Task brief: In full and without alteration, output each record given here.

____________________

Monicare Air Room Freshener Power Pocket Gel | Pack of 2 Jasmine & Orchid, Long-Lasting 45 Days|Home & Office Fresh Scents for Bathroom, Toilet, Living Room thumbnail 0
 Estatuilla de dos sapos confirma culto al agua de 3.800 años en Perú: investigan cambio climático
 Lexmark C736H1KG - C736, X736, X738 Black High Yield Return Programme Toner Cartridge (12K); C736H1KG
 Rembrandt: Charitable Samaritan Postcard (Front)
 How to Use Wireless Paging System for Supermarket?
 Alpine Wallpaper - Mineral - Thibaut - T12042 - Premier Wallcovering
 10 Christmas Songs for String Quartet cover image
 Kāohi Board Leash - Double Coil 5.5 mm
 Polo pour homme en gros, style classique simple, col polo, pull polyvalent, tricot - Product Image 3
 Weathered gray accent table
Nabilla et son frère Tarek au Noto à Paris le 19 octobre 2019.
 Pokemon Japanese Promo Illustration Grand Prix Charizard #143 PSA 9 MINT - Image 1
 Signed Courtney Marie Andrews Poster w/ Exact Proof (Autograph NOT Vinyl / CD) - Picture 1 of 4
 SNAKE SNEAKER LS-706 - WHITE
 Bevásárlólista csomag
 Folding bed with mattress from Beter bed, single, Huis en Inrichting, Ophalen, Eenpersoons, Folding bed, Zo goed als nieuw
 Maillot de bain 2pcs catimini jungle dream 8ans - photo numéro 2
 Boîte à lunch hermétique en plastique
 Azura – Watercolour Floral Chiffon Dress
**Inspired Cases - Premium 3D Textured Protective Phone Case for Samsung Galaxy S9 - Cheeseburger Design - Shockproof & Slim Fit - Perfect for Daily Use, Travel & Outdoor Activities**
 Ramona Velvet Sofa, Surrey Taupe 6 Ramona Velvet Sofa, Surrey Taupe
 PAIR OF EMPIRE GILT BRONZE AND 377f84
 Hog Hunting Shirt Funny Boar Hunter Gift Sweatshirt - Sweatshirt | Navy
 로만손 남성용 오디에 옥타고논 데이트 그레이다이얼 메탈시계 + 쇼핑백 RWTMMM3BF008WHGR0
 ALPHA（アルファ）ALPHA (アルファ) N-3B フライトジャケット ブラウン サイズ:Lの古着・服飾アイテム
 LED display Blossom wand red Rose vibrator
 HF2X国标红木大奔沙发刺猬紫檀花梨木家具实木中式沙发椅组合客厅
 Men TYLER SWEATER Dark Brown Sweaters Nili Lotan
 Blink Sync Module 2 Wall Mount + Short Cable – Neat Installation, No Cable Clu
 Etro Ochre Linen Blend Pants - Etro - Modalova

____________________

Response area:
Monicare Air Room Freshener Power Pocket Gel | Pack of 2 Jasmine & Orchid, Long-Lasting 45 Days|Home & Office Fresh Scents for Bathroom, Toilet, Living Room thumbnail 0
 Estatuilla de dos sapos confirma culto al agua de 3.800 años en Perú: investigan cambio climático
 Lexmark C736H1KG - C736, X736, X738 Black High Yield Return Programme Toner Cartridge (12K); C736H1KG
 Rembrandt: Charitable Samaritan Postcard (Front)
 How to Use Wireless Paging System for Supermarket?
 Alpine Wallpaper - Mineral - Thibaut - T12042 - Premier Wallcovering
 10 Christmas Songs for String Quartet cover image
 Kāohi Board Leash - Double Coil 5.5 mm
 Polo pour homme en gros, style classique simple, col polo, pull polyvalent, tricot - Product Image 3
 Weathered gray accent table
Nabilla et son frère Tarek au Noto à Paris le 19 octobre 2019.
 Pokemon Japanese Promo Illustration Grand Prix Charizard #143 PSA 9 MINT - Image 1
 Signed Courtney Marie Andrews Poster w/ Exact Proof (Autograph NOT Vinyl / CD) - Picture 1 of 4
 SNAKE SNEAKER LS-706 - WHITE
 Bevásárlólista csomag
 Folding bed with mattress from Beter bed, single, Huis en Inrichting, Ophalen, Eenpersoons, Folding bed, Zo goed als nieuw
 Maillot de bain 2pcs catimini jungle dream 8ans - photo numéro 2
 Boîte à lunch hermétique en plastique
 Azura – Watercolour Floral Chiffon Dress
**Inspired Cases - Premium 3D Textured Protective Phone Case for Samsung Galaxy S9 - Cheeseburger Design - Shockproof & Slim Fit - Perfect for Daily Use, Travel & Outdoor Activities**
 Ramona Velvet Sofa, Surrey Taupe 6 Ramona Velvet Sofa, Surrey Taupe
 PAIR OF EMPIRE GILT BRONZE AND 377f84
 Hog Hunting Shirt Funny Boar Hunter Gift Sweatshirt - Sweatshirt | Navy
 로만손 남성용 오디에 옥타고논 데이트 그레이다이얼 메탈시계 + 쇼핑백 RWTMMM3BF008WHGR0
 ALPHA（アルファ）ALPHA (アルファ) N-3B フライトジャケット ブラウン サイズ:Lの古着・服飾アイテム
 LED display Blossom wand red Rose vibrator
 HF2X国标红木大奔沙发刺猬紫檀花梨木家具实木中式沙发椅组合客厅
 Men TYLER SWEATER Dark Brown Sweaters Nili Lotan
 Blink Sync Module 2 Wall Mount + Short Cable – Neat Installation, No Cable Clu
 Etro Ochre Linen Blend Pants - Etro - Modalova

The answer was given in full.